Pauline grandit et ne veut rien d’autre qu’être heureuse. Ses penchants avaricieux fondent devant les besoins de son cousin pour qui elle éprouve une inclinaison de plus en plus tendre. Pourtant, « même en donnant argent, elle se sentait moins aimée qu’autrefois. » (p. 136) Pire, sa tante en vient à l’accabler de reproches et à lui imputer les misères du foyer et les échecs de son fils. « C’est drôle, cette malheureuse Pauline ne nous a jamais porté bonheur.

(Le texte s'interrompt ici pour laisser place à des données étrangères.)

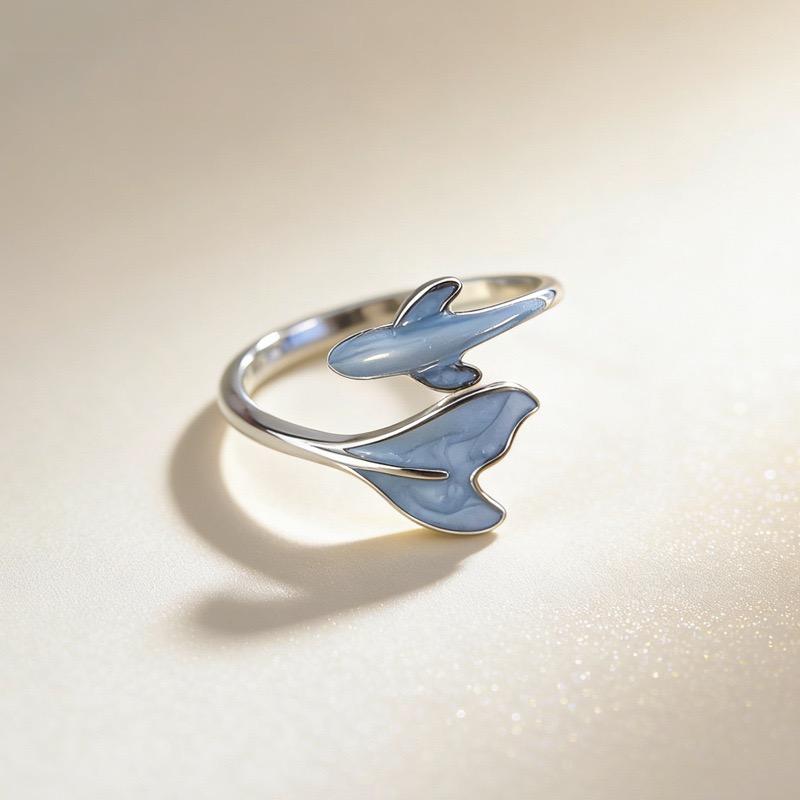 BF CLUB 925 Sterling Rings for Women Simple Geometric Handmade Irregular Retro Vintage Blue Whale Ring Allergy For Birthday Gift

Et dire que les gens la croient notre ange. » (p. 167) Face à cette mesquine ingratitude, Pauline est prête à tout donner sans retour, mais on lui en veut encore davantage pour cette générosité sans faille : « elle exécrait Pauline de tout l’argent qu’elle lui devait. » (p. 168)
Le renoncement de Pauline est pourtant loin d’être achevé. Dans l’espoir de s’acheter le bon vouloir de sa nièce, Mme Chanteau lui avait promis le mariage avec Lazare. Mais il y a la Louise, la filleule, celle que Lazare ne considère pas comme un bon camarade, mais comme une fleur exotique. Pleine de sa santé franche et de sa simplicité, Pauline est encore prête à s’arracher le cœur pour que son cousin soit heureux. Mais c’est compter sans les démons qui rongent Lazare, son ennui de tout et sa terreur de la mort.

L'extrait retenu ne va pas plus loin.